Politeness serves one well. It is keener than sharpened steel. It is more magnetic than loadstone and worth more than jewels. At home or abroad, among young and aged, employers or teachers, inferiors or superiors, this glorious characteristic is a diadem from which sparkles a jewel, which is, as Chesterfield said: “The treatment of others just as you love to be treated yourself.” In the words of One greater than he, it is, “Do unto others as ye would they should do unto you.” All other things being equal, the boy who adheres to these mottoes is the one who succeeds.

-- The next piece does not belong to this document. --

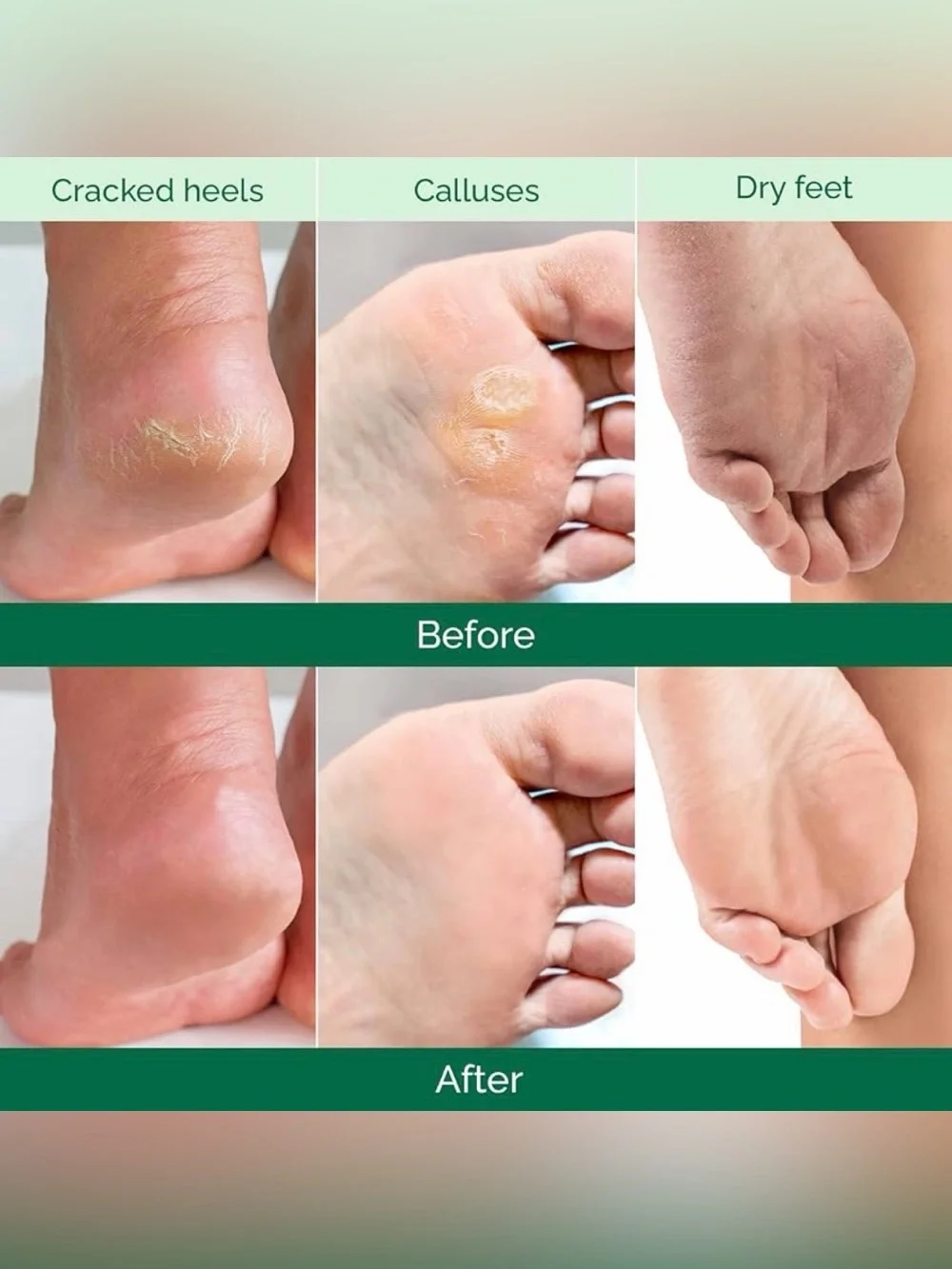 Plantifique Men’s Foot Peel Mask Aloe Vera Exfoliating Treatment 1 Pair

It makes him an acceptable companion, wins friendship and creates popularity. “Give a poor boy fine manners and accomplishments,” said Voltaire, “and he will become the master of fortunes and palaces, while princes stand upon their threshold to solicit his friendship.” Charles II. is described by Macaulay as being “the grandest rascal and most popular man in England.” Hume in giving the reason of this says, “He was the best bred man alive.” “What thou wilt, Thou must rather enforce it with thy smile, Than hew to it with thy sword.”
CHAPTER III
Be Truthful
INTRODUCTION TO CHAPTER III
B J L
Once to every man and nation comes the moment to decide, In the strife of Truth with Falsehood, for the good or evil side. Lowell.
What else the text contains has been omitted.